**EXERCISE**.
Each record that follows should be transcribed word for word.

[Dataset items]
------------------------------------

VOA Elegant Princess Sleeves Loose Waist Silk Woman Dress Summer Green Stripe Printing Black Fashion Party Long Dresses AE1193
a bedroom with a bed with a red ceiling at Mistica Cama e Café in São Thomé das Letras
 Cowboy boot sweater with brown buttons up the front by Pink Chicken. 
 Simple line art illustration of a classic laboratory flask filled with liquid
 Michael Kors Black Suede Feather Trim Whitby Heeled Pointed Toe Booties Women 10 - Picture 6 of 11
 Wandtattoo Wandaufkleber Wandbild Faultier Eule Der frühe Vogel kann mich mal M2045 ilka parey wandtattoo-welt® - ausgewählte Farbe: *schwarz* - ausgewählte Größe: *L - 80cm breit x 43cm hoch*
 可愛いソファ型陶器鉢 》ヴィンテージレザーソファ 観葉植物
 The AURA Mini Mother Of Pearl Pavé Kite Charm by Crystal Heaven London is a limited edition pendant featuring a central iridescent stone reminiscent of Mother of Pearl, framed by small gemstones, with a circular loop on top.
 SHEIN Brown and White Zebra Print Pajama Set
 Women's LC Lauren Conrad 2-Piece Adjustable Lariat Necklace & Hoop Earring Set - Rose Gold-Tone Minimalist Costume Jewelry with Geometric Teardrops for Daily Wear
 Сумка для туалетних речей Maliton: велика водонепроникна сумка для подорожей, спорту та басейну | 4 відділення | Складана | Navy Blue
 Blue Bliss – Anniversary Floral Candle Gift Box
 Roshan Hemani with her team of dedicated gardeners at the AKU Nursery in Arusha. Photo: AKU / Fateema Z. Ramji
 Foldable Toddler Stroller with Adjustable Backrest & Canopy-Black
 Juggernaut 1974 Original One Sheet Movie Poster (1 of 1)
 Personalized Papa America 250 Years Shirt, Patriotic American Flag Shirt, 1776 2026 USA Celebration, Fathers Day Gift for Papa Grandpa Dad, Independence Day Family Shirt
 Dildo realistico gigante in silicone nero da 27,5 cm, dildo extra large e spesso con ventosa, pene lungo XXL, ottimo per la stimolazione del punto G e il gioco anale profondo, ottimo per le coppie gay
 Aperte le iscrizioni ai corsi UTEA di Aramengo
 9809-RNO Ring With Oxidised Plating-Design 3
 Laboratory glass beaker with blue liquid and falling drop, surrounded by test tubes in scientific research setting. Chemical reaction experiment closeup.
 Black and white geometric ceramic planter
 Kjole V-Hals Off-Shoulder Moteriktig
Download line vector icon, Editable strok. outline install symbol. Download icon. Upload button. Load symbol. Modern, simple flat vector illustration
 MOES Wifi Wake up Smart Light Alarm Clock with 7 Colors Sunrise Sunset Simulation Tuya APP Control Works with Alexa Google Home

------------------------------------

**ANSWER SPACE**.
VOA Elegant Princess Sleeves Loose Waist Silk Woman Dress Summer Green Stripe Printing Black Fashion Party Long Dresses AE1193
a bedroom with a bed with a red ceiling at Mistica Cama e Café in São Thomé das Letras
 Cowboy boot sweater with brown buttons up the front by Pink Chicken. 
 Simple line art illustration of a classic laboratory flask filled with liquid
 Michael Kors Black Suede Feather Trim Whitby Heeled Pointed Toe Booties Women 10 - Picture 6 of 11
 Wandtattoo Wandaufkleber Wandbild Faultier Eule Der frühe Vogel kann mich mal M2045 ilka parey wandtattoo-welt® - ausgewählte Farbe: *schwarz* - ausgewählte Größe: *L - 80cm breit x 43cm hoch*
 可愛いソファ型陶器鉢 》ヴィンテージレザーソファ 観葉植物
 The AURA Mini Mother Of Pearl Pavé Kite Charm by Crystal Heaven London is a limited edition pendant featuring a central iridescent stone reminiscent of Mother of Pearl, framed by small gemstones, with a circular loop on top.
 SHEIN Brown and White Zebra Print Pajama Set
 Women's LC Lauren Conrad 2-Piece Adjustable Lariat Necklace & Hoop Earring Set - Rose Gold-Tone Minimalist Costume Jewelry with Geometric Teardrops for Daily Wear
 Сумка для туалетних речей Maliton: велика водонепроникна сумка для подорожей, спорту та басейну | 4 відділення | Складана | Navy Blue
 Blue Bliss – Anniversary Floral Candle Gift Box
 Roshan Hemani with her team of dedicated gardeners at the AKU Nursery in Arusha. Photo: AKU / Fateema Z. Ramji
 Foldable Toddler Stroller with Adjustable Backrest & Canopy-Black
 Juggernaut 1974 Original One Sheet Movie Poster (1 of 1)
 Personalized Papa America 250 Years Shirt, Patriotic American Flag Shirt, 1776 2026 USA Celebration, Fathers Day Gift for Papa Grandpa Dad, Independence Day Family Shirt
 Dildo realistico gigante in silicone nero da 27,5 cm, dildo extra large e spesso con ventosa, pene lungo XXL, ottimo per la stimolazione del punto G e il gioco anale profondo, ottimo per le coppie gay
 Aperte le iscrizioni ai corsi UTEA di Aramengo
 9809-RNO Ring With Oxidised Plating-Design 3
 Laboratory glass beaker with blue liquid and falling drop, surrounded by test tubes in scientific research setting. Chemical reaction experiment closeup.
 Black and white geometric ceramic planter
 Kjole V-Hals Off-Shoulder Moteriktig
Download line vector icon, Editable strok. outline install symbol. Download icon. Upload button. Load symbol. Modern, simple flat vector illustration
 MOES Wifi Wake up Smart Light Alarm Clock with 7 Colors Sunrise Sunset Simulation Tuya APP Control Works with Alexa Google Home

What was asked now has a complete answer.